Il poursuivait le tour de l'assemblée, accordait à chacun quelques minutes d'attention et, posant bien souvent la main sur l'épaule, il disait : Allons ! Allons, ça ira ! , parlant avec assurance de la guérison. Il faisait quelquefois des passes magnétiques sur certains malades, recommandait à d'autres de prier dans des conditions déterminées. Le considérant comme un vulgaire charlatan, bien qu'il ne réclamait jamais d'honoraires, et déplorant qu'il leur enlevait une bonne partie de leur clientèle, les médecins de la ville le firent traduire plusieurs fois devant le tribunal correctionnel pour exercice illégal de la médecine .Il fut condamné le 3 Novembre 1887 à une amende de 15 francs. En 1890, il fut à nouveau poursuivi et condamné à 46 amendes de 16 francs. Puis, en 1892, il fut traduit deux fois devant le tribunal correctionnel, acquitté la première fois, et condamné la deuxième fois à 29 amendes de 15 francs. Ses défenseurs habituels, précise J. Bricaud, étaient Maître Clozel, avocat à la cour d'appel et maître Fleury-Ravarin, ancien député. Un procureur de la République, témoin de ses guérisons et sachant tout le bien qu'il faisait, le préserva pendant plusieurs années. Finalement, les médecins Lyonnais se lassèrent de poursuivre Mr Philippe. Il y en eut même qui lui envoyèrent ceux de leurs clients dont les cas étaient les plus embarrassants. Mais M. Philippe n'était pas seulement un thérapeute digne de ce nom, il avait encore d'autres capacités, telles celles de commander aux éléments.

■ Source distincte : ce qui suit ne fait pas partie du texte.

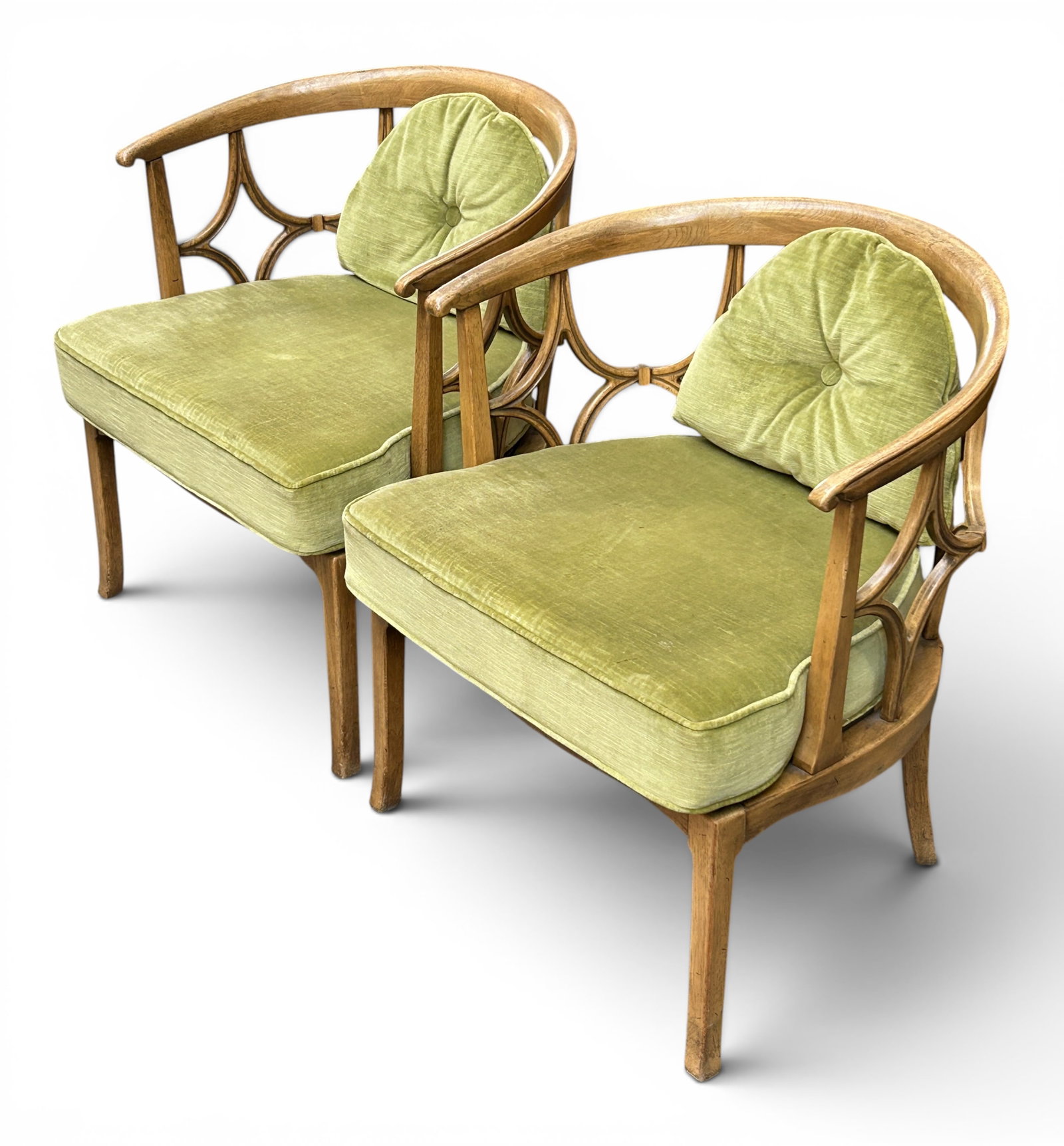 Pair of Billy Haines Hollywood Regency Chairs.: These 1960's barrel back lounge chairs are designed by Billy Haines. They have a spider web or loop designs, beechwood frames, green velvet cushions, and leather strap seats. There is some minor wear,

Papus (Gérard Encausse) disait de M. Philippe : Il m'a appris à essayer d'être bon ; il m'a enseigné la tolérance envers tous et pour les défauts d'autrui ; la nécessité de ne pas dire du mal, la confiance absolue en le Père, la pitié pour la douleur des autres ; enfin, il nous a montré qu'on ne pouvait évoluer qu'en partageant les souffrances des autres et non en s'enfermant dans une tour d'ivoire de crainte de perdre sa pureté et sa sagesse. Voilà pourquoi j'essaye de remuer un peu l'Humanité, de répandre autour de moi quelques idées qui ne proviennent pas de mon cerveau et de propager les deux grandes vertus qui nous viennent du Ciel : la Bonté et la Tolérance.